I ran here and there into the fall and winter, probably 8 to 10 times a month. I never did more than 2 to three miles unless I had a race. Running helped me clear my head. It was my alone time. That’s why I did it.

But I craved a bigger goal. So in November I signed up for the lottery to run the NYC half marathon. I told myself that if I got in, I’d train properly. I’d make a schedule and put my all into running. Finally.

On December 30th, I found out I didn’t make it into the half. I was heartbroken, frankly. But my brother came to the rescue suggesting I run the DC Rock ‘n Roll Half Marathon scheduled the day before the NYC half. Perfect! I signed up.

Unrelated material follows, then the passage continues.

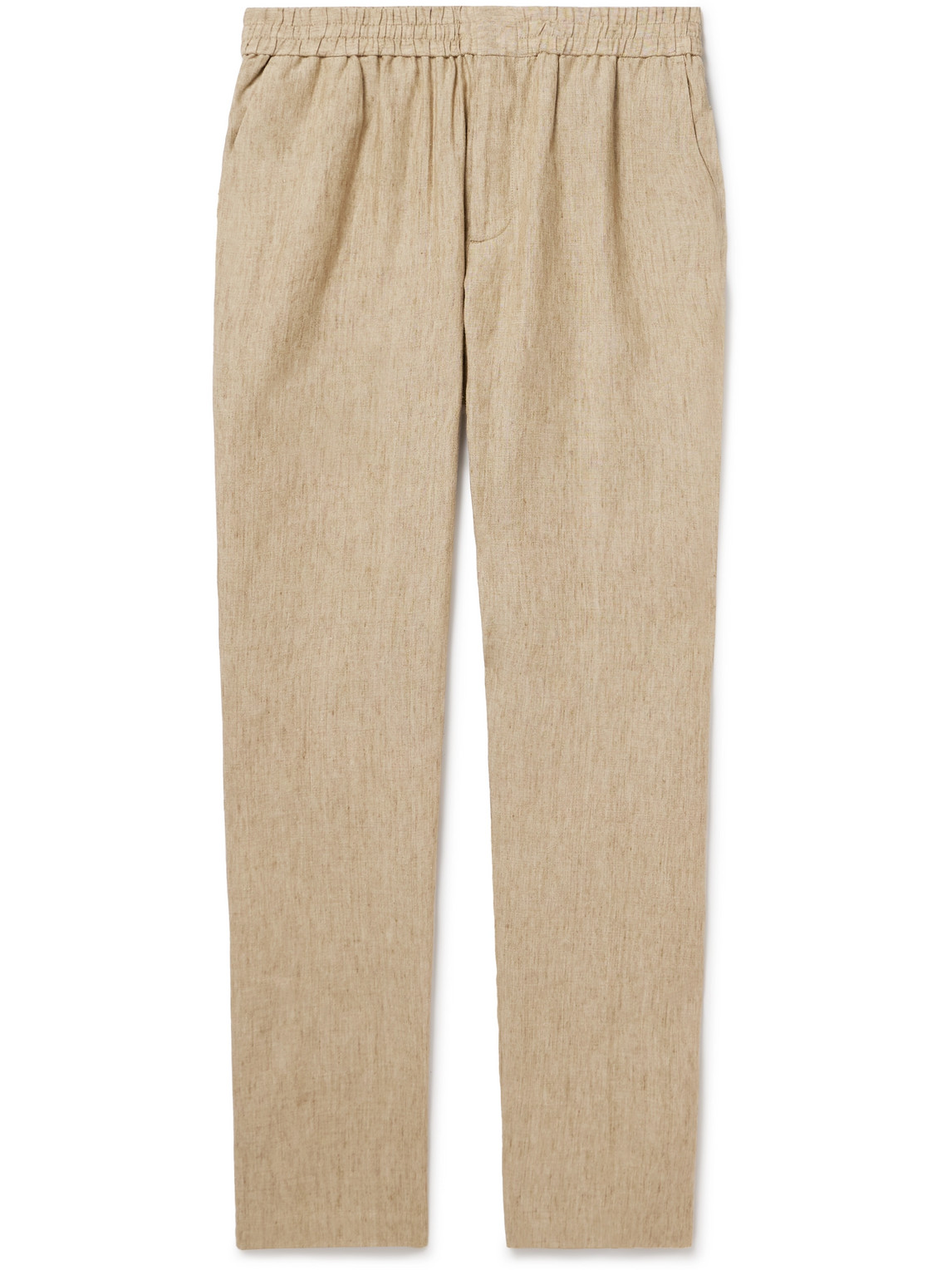 Slim-Fit Straight-Leg Linen Trousers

I began my training on December 31st. From that day until the first week of March, I ran four times a week with one long run on Saturdays. I followed this schedule. I saw progress, but more importantly, I didn’t see injury.

I signed up for a bunch of NYRR races. They offer a 9+1 option. Basically, any member who finishes 9 races and volunteers for one during a calendar year is guaranteed a spot in the NYC ING Marathon for the following year. As testament to how much I’ve run since January, I finished my 9 last Saturday. So, should I ever decide I am actually able to run 26.2 miles, I have a chance to in 2013.

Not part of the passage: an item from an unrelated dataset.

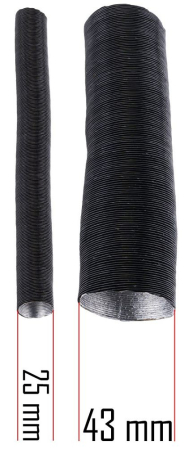 Kit conducte aer pentru incalzitor stationar pe motorina, 43mm si 25mm, cu cleme montaj (PM-AG-8M3-RP) [2]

Anyway, on March 17th, I ran the DC half. And I was proud of myself and my time. So with Brooklyn, even though I was injured and betting against myself, I wanted to see progress. And I didn’t. I was a little bummed.

My brother tells me I’m running too much and I think he’s onto something. I’m doing too much, too soon. I started reading this book and they seem to think the same thing. Because I’m getting slower, not faster. While my 4-mile and 10K race paces are very consistent, anything more than that, I slow way, way down. My half marathon pace is SUPER slow—at around 2 hours, 30 minutes. This is partly due to injury, but it’s also that I simply slow down after 7 miles.

I want to finish faster. I want a new goal. I want to be faster and more efficient.

I’m 38. I won’t ever be a really fast runner. But I want to be steady and good at it. I don’t really have many regrets in life. But not running earlier—like, not sticking to it all those times in the past I’d start and then stop—well, that’s a huge regret of mine. Had I stuck with running at age 27, when I realized how much I enjoyed it, I might be pretty damn great at it by now.

Let’s wrap this up, shall we?

By November of this year, I would like to run the half in 2 hours, 10 minutes. Is that crazy? Can I do this? I’m not sure, but that’s my new goal. We’re running the Disney Wine and Dine half in November and I want to look back on this post and see a difference. I want to be really proud. I simply want to be faster.

Are There Any Runners Out There? A Moment of Your Time!

Are you a runner? I want to hear from you. When did you start running? How long did it take you to run 13 miles straight? What was your time? I think I’m looking to feel better about my terrible times. Maybe I’m being too hard on myself; maybe I’m not being hard enough on myself. But right now I just want to hear from others. So, if you’re reading this and you’re a distance runner, tell me about yourself. How long? How fast? Suggestions? Help? Anything goes, my friends. Rant, rave, brag. Show off. I want to learn from you.

Edited to add: The lovely Krissa had some great information about the dead parrot! And it made me feel better, so I wanted to share it with everyone. Read more about it here.

Look! I’m even SMILING!

I totally got suckered into buying this shot (the only shot) of me crossing the finish line in D.C. And naturally, it’s blurry. I couldn’t see that in the small version they sent to me online. Ah well. You don’t get a chance to go back and buy shots of yourself running your first ever half marathon.

Anyway, here it is! I’m smiling because I’m listening to the sickest song ever. And because the race is over! IT’S OVER!

Damn was that ever difficult. I can’t imagine running 26.2 miles. I am having trouble picturing the 13.1 I’m supposed to be running through Brooklyn in a few weeks.